Is their anything I am over looking in the way I am approaching this installment warrant. Please let me know your feedback .

Cheers


----------



## Fab (12 September 2006)

I am wondering if buying an installment warrant few days before the dividend is due and then sell it few days after is a good strategy ?? Just to get the dividend bearing in mind that the total dividend paid for the financial year has to be below the $5000 .
My other question is what happen to an installment warrant after the last dividend of is paid , I suppose there would not be any reason for keeping it much longer therefore I am expecting its value to drop . Is that correct?
I am new to installment warrant and I am trying to make sense of them.

Thanks for your help


----------



## Fab (16 September 2006)

I am still trying to fully understand the best strategy in using installment warrant dividend stripping therefore I got the documentation from Macquarie bank.
One trading tip the say in their documentation is:
" When an American style warrant is deep in the money and a dividend is due on the underlying shares before the expiry date , the holder may be better off exercising the warrant early to receive the dividend. If this is the case then the warrant may actually fall in value when the underlying shares goes ex - dividend"
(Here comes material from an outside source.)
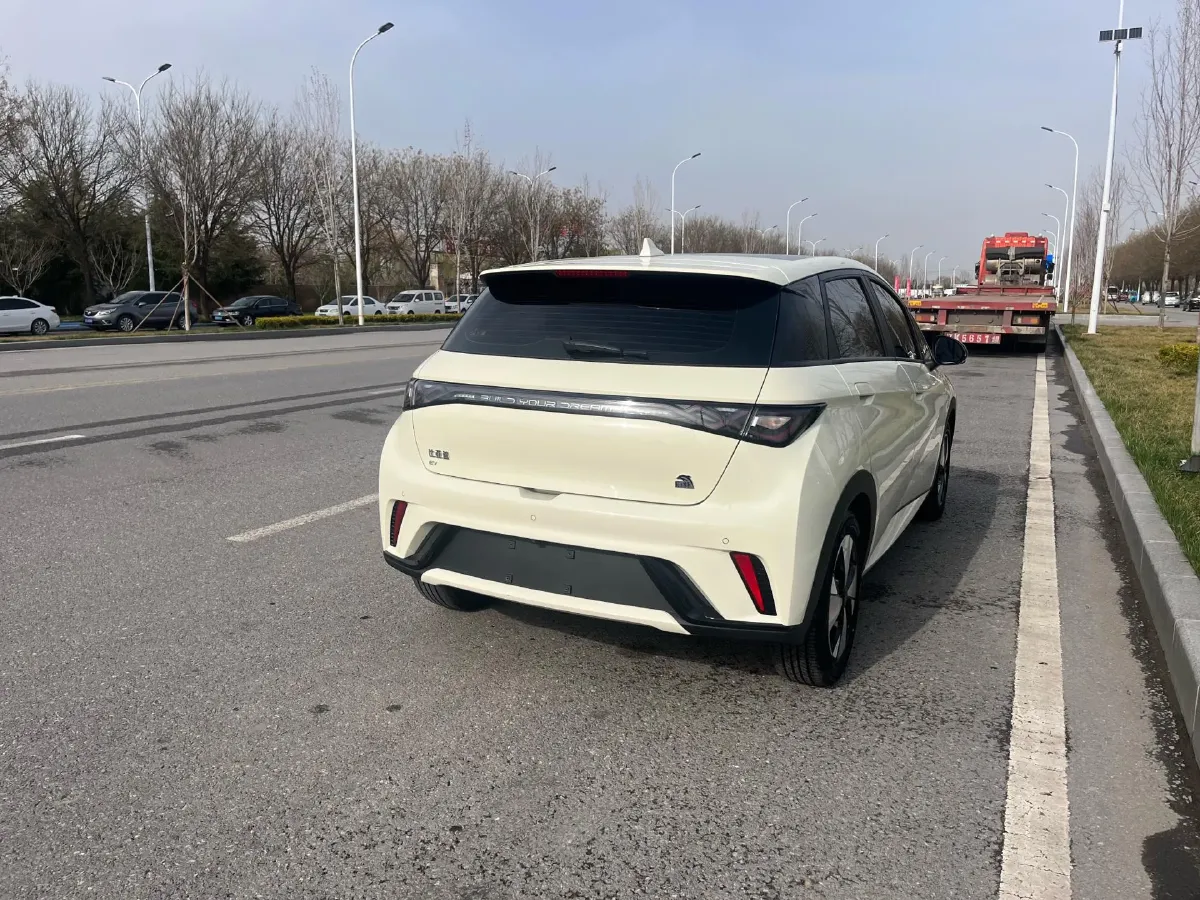 2023 BYD Dolphin BEV 44.928KWH,autocango,china used car exporter,china ev exporter,chinese used car exporter,chinese used ev exporter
Can anyone explain to me this statement . First I am not to share why this apply only to American style warrant and only when the warrant is deep in the money. I guess is what I want to avoid is buying an installment warrant that will be worth nothing after the dividend is paid on the share.
I am currently looking at buying a ZFX installment warrant before of the large dividend to be paid by ZFX.
 
Thanks for your help


----------